> [ACTIVITY]:
Below is a listing with pictures. Repeat exactly the lines starting at the one holding "Hi guys, welcome" and going on through the one holding "Here's the dash.", and leave every picture out.

━━━ RAW DATA ━━━

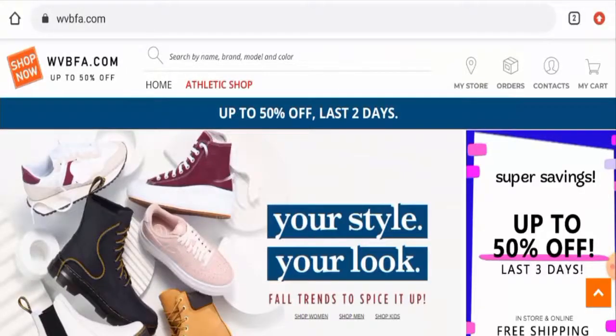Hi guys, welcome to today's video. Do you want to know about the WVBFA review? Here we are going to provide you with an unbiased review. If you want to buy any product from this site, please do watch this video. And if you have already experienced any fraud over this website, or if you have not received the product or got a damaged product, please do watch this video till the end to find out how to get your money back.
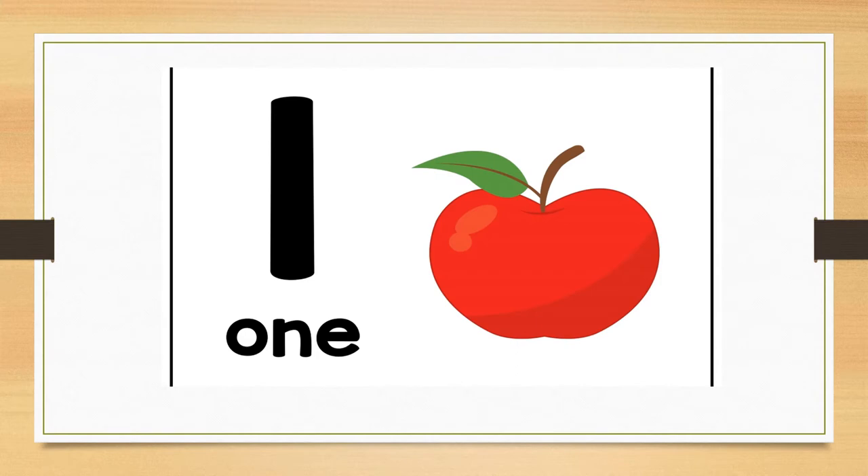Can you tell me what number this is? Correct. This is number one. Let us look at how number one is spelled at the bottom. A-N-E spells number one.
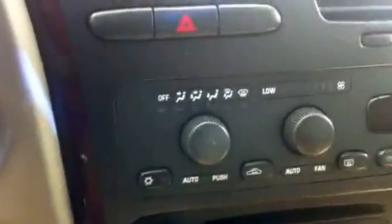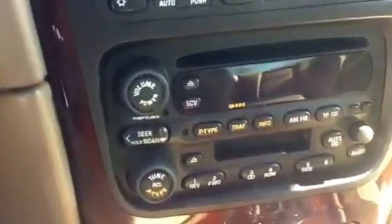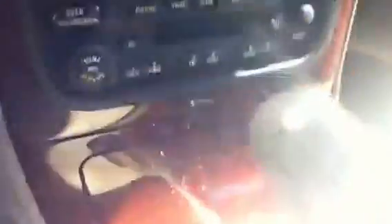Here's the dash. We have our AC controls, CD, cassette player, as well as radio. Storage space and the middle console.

━━━
━━━ RAW DATA ━━━

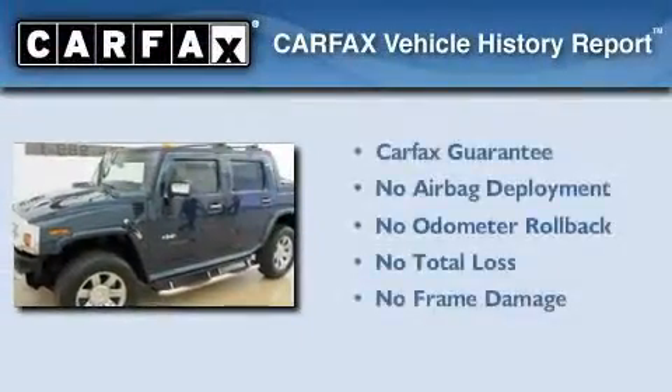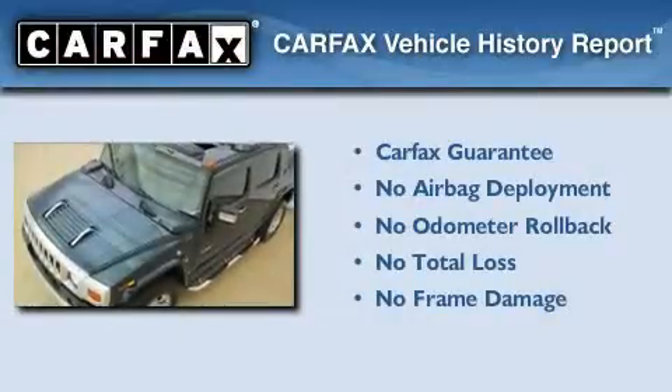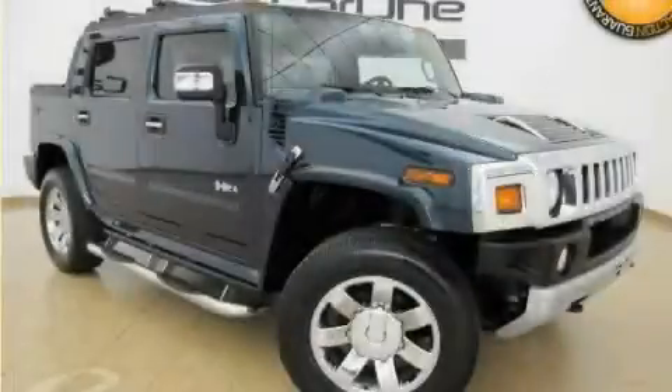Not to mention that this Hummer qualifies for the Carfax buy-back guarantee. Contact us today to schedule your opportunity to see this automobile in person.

━━━

> [YOUR RESPONSE]:
Hi guys, welcome to today's video. Do you want to know about the WVBFA review? Here we are going to provide you with an unbiased review. If you want to buy any product from this site, please do watch this video. And if you have already experienced any fraud over this website, or if you have not received the product or got a damaged product, please do watch this video till the end to find out how to get your money back.
Can you tell me what number this is? Correct. This is number one. Let us look at how number one is spelled at the bottom. A-N-E spells number one.
Here's the dash. We have our AC controls, CD, cassette player, as well as radio. Storage space and the middle console.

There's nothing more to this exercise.